UAH 2026 printmaking, art history, English graduate Jess Braden earns degrees 24 years in the making
Jess Braden stands at the entrance to her senior exhibition, “It Feels Frivolous,” in the Union Grove Gallery on the campus of The University of Alabama in Huntsville (UAH) on April 17, 2026. Braden will receive a Bachelor of Fine Arts in printmaking and a Bachelor of Arts with a double major in art history and English from UAH during spring commencement ceremonies on May 4, 2026, at the Von Braun Center Propst Arena.
When Jess Braden was growing up, Vogue and Marie Claire were not her friends.
“When you’re a teenage girl, fashion magazines control your body image,” she said. “They tell you what’s in style, what’s not. It becomes all-consuming. This is what we’re supposed to be emulating. But I was a tall kid, and I never really fit that mold. Fashion magazines became these things that I was interested in, but they also made me feel really bad about myself. They took a lot of my power away.”
Now she’s reclaimed that power – and turned the tables. In her hands, high-gloss images of consumer culture and silent judgment become fodder for artwork that frees her creative spirit.
Braden highlights these works in her senior exhibition, “It Feels Frivolous,” currently on display in the Union Grove Gallery on the campus of The University of Alabama in Huntsville (UAH), a part of The University of Alabama System. The show closes with a reception on Wednesday, May 6, from 4:30 to 6 p.m.
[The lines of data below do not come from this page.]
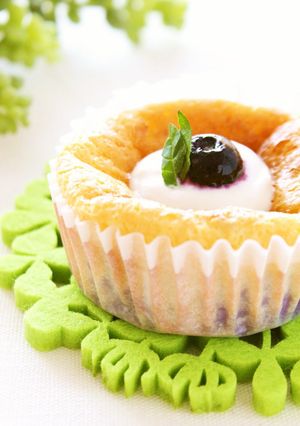 A picture of Tiny Blueberry Cheesecakes.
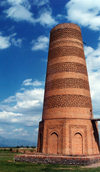 Kyrgyzstan - Buryan / Burana tower - Chuy oblast: on the Silk road - ancient city of Balasugan, capital of the Kara-Khitan Khanate - Shamshy valley - 10 km to the South of Tokmok - photo by G.Frysinger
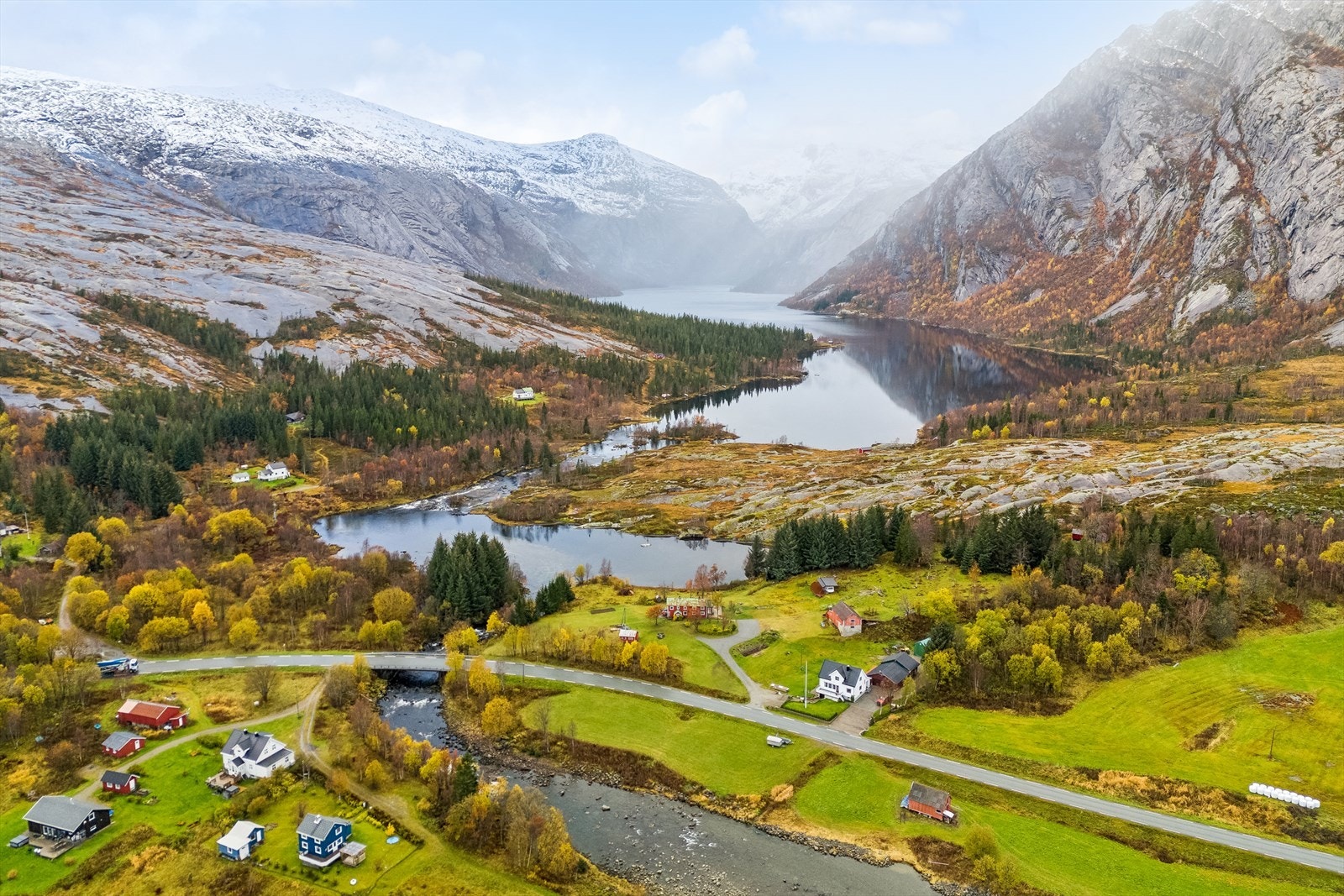 Det er også mange flotte fjell som kan utnyttes både på sommer og vinter. Galleribilde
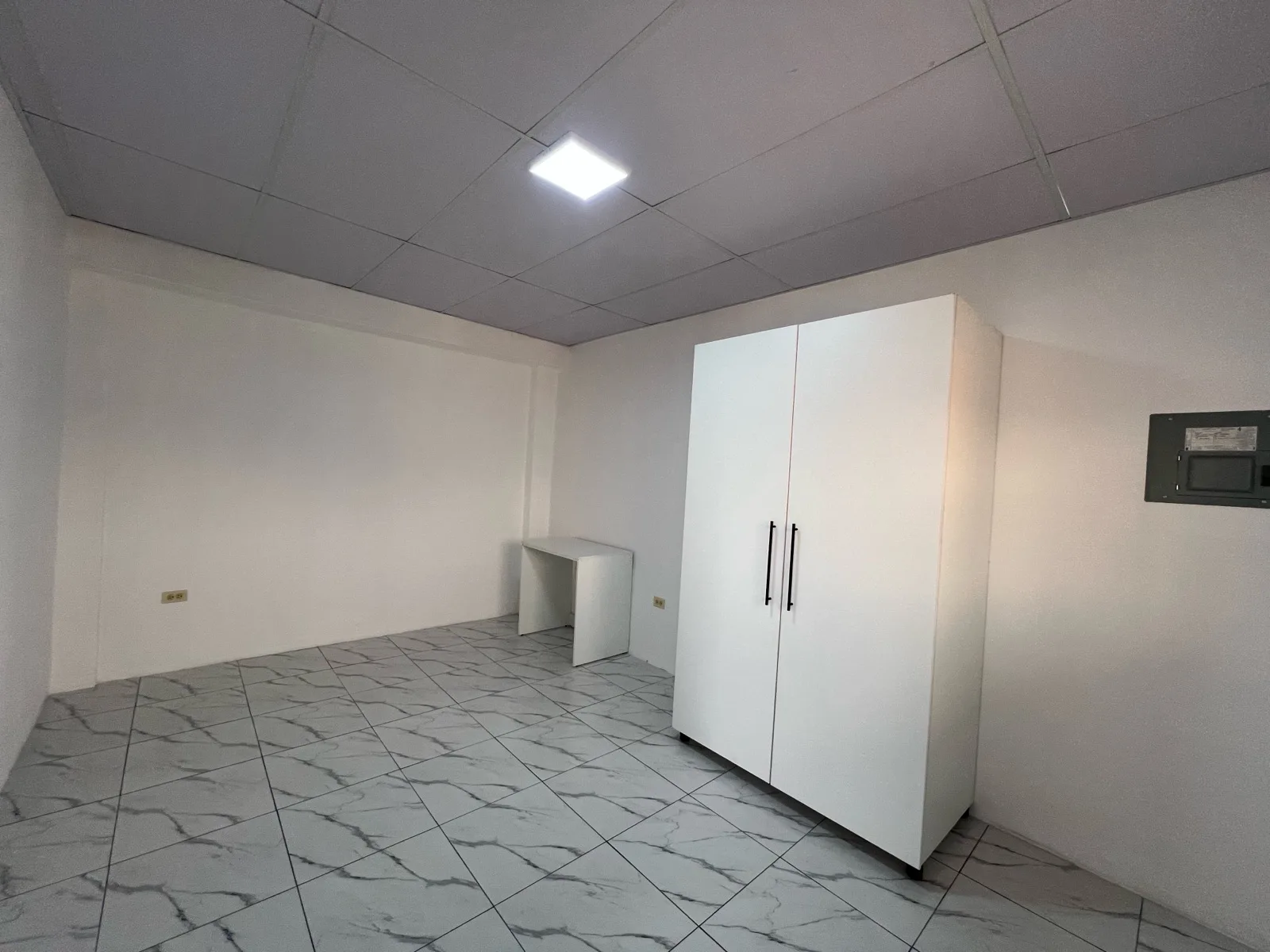Suite No 7 en Alquiler, Urdenor 1, RobA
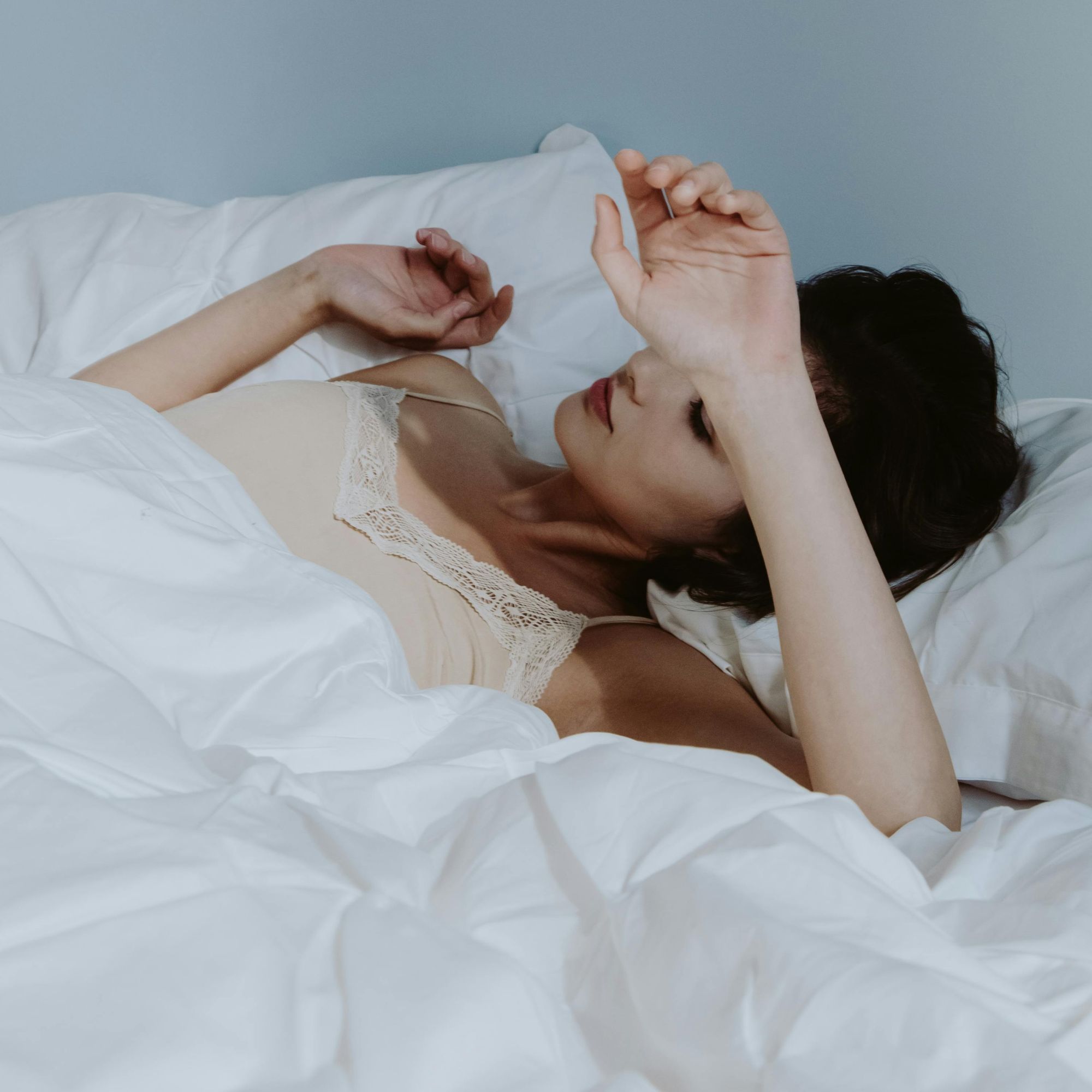 cô gái mặc đồ ngủ thoải mái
On May 4, Braden will experience a more significant closure when she graduates from UAH with a Bachelor of Fine Arts in printmaking and a Bachelor of Arts with a double major in art history and English from the College of Arts, Humanities, and Social Sciences. UAH will award her degrees during spring 2026 commencement ceremonies at the Von Braun Center.
Graduation – summa cum laude with multiple degrees! – is another expression of her power, but it didn’t come fast or easy.
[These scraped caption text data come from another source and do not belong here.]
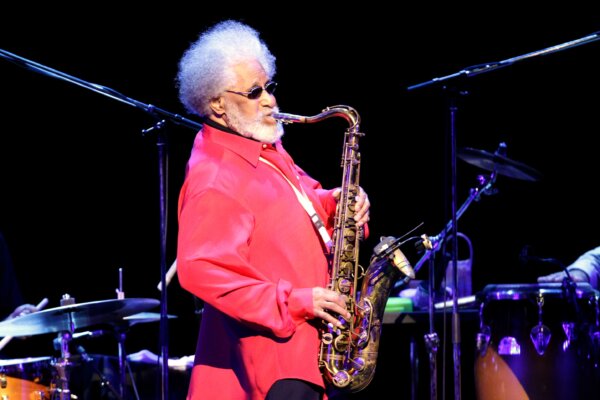 Jazz Saxophonist Sonny Rollins Dies at 95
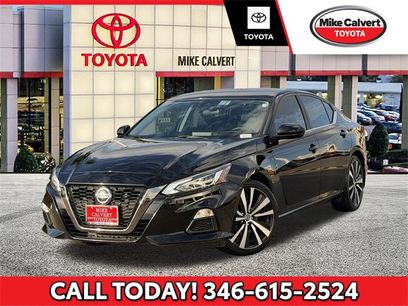 Used 2022 Nissan Altima 2.5 SR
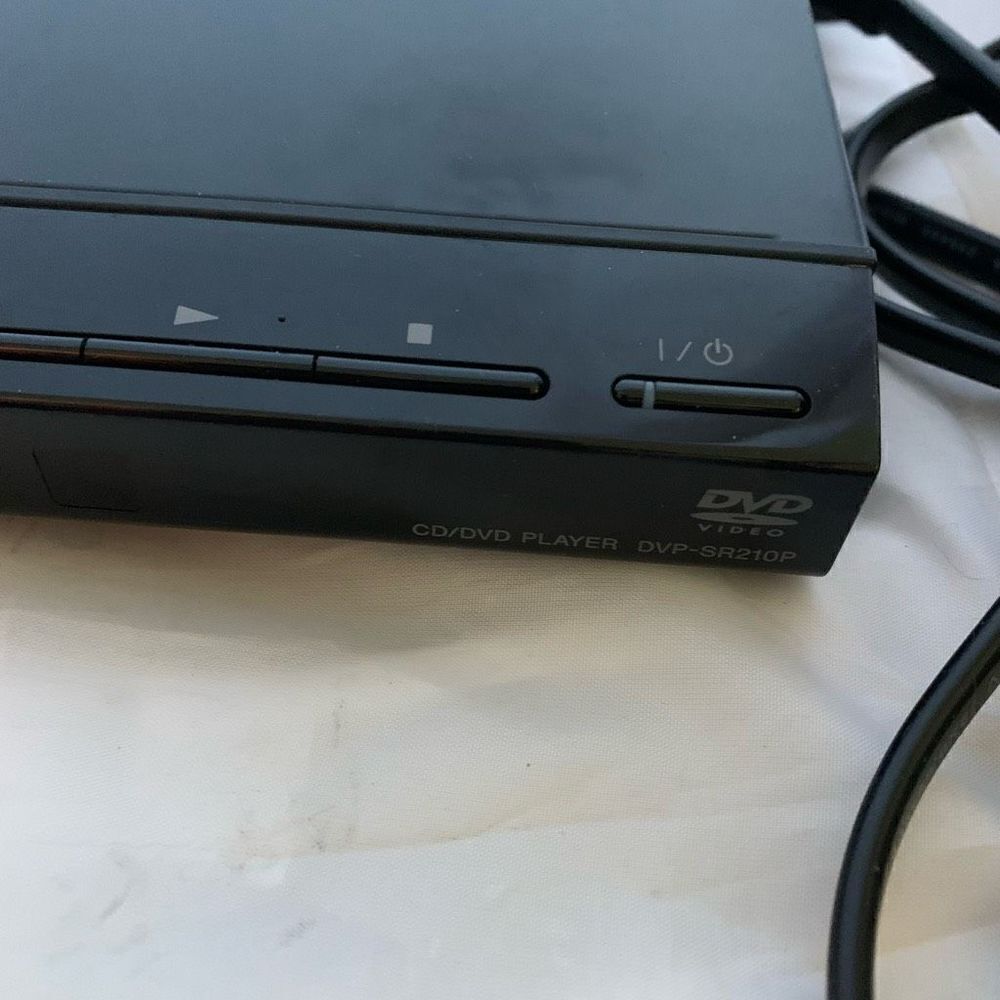 Sony CD/DVD Player Model No. DVP-SR210P No Remote-Tested - Picture 2 of 7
“Getting a degree,” said Braden, a nontraditional student at age 41, “has been about 24 years in the making.”
Her road to UAH began in her native Northern California in 2002 when she enrolled at The University of California Davis at age 17. She’d finished high school in just three years, and the college environment overwhelmed her. She wanted to pursue art while her parents urged science. She found herself in the Women’s Studies Department and eventually textile and costume design. Then she burned out and dropped out.
In her mid-20s, she continued to take community college classes, mostly English and writing. Along with California, she spent some time in Nashville, where she met her now-husband. They had two children and settled in Lincoln County, Tennessee, near his family.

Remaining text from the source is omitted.